As we have mentioned before, one of the missions of nutrients is to provide energy. This energy is translated into the synthesis of a fundamental compound in all energy processes: Adenosine Triphosphate. ATP is involved in a multitude of processes such as digestion, muscle contraction, transmission of the nerve impulse, cardiac contraction, protein synthesis. For this, this molecule loses its phosphate groups, transforming into adenosine diphosphate (ADP) and adenosine monophosphate (AMP). Therefore, the presence of ATP in a system is indicative of an optimal energy state, while the presence of ADP or AMP would be related to a process of energy expenditure.
ATP can be resynthesized through the metabolism or oxidation of nutrients. The metabolism of carbohydrates is known as “Glycolysis”.
Carbohydrates can synthesize ATP anaerobically (2 ATP) or aerobically (36 ATP). The starting product is glucose, which can be stored in the form of glycogen in the muscle and in the liver. Glucose undergoes a series of 10 metabolic reactions in the cytosol of cells, known as glycolysis. This process yields 2 ATP and gives pyruvate as the final product.
If the energy requirement is fast, pyruvate can become lactate through the reaction catalyzed by lactate dehydrogenase, this being an anaerobic process. Lactate is toxic to the muscle cell, since its accumulation would acidify its cytosol and could compromise muscle contraction. The liver is responsible for recycling this lactate and that produced naturally by red blood cells, transforming it into glucose.
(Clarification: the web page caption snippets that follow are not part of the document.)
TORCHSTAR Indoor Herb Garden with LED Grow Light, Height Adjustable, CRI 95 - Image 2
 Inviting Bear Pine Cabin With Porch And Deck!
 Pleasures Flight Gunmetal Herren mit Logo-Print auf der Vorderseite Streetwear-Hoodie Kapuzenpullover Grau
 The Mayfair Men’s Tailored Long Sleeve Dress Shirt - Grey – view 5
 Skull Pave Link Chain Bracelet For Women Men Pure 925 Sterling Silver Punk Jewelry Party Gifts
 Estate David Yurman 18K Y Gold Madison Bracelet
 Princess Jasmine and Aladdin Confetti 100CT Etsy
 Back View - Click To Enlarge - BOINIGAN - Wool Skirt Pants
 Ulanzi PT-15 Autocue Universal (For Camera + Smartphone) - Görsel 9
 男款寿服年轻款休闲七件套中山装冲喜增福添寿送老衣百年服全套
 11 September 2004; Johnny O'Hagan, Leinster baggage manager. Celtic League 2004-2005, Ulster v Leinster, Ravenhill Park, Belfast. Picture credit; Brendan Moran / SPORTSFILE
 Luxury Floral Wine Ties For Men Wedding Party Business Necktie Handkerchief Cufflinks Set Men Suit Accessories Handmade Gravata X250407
If energy requirements are not immediate, pyruvate can enter the mitochondrial Krebs cycle and generate much more ATP. This process requires the presence of oxygen (aerobic) and can provide the most energy during moderate effort.
Lipids always require the presence of oxygen to synthesize ATP, that is, they always work aerobically. The starting products are triglycerides made up of a glycerol molecule that is esterified with 3 fatty acid molecules.
Triglycerides are stored mainly in adipose tissue and are mobilized when needed to provide energy. For this, they are dismantled in glycerol and the 3 fatty acids.
Glycerol is incorporated into the glycolytic pathway, while fatty acids are oxidized in the mitochondria in a process called Beta-oxidation that, through the Krebs cycle, allows obtaining a large amount of metabolic energy: 460 ATP.
During aerobic exercise, fats can provide between 30-80% of energy, depending on the degree of training of the athlete. Their limitation lies in the fact that they always require the presence of carbohydrates to oxidize, since these provide intermediates in the Krebs cycle so that it can work more quickly.
Therefore, should we take Carnitine supplements?
Yes, finally proteins, although they have always been attributed a structural function, can also, under very special conditions, generate metabolic intermediates that can be incorporated into ATP production routes.
The starting product would be the amino acids themselves, either those found in certain proteins or those that are stored in specific tissue reserves. Some of these amino acids that can be incorporated into energy production pathways are leucine, isoleucine, valine, glutamine or aspartic among others. The first operation is to eliminate the (toxic) amino group from the amino acid structure, making it a compound that can now access various metabolic pathways. This process of removing the amino group is called transamination.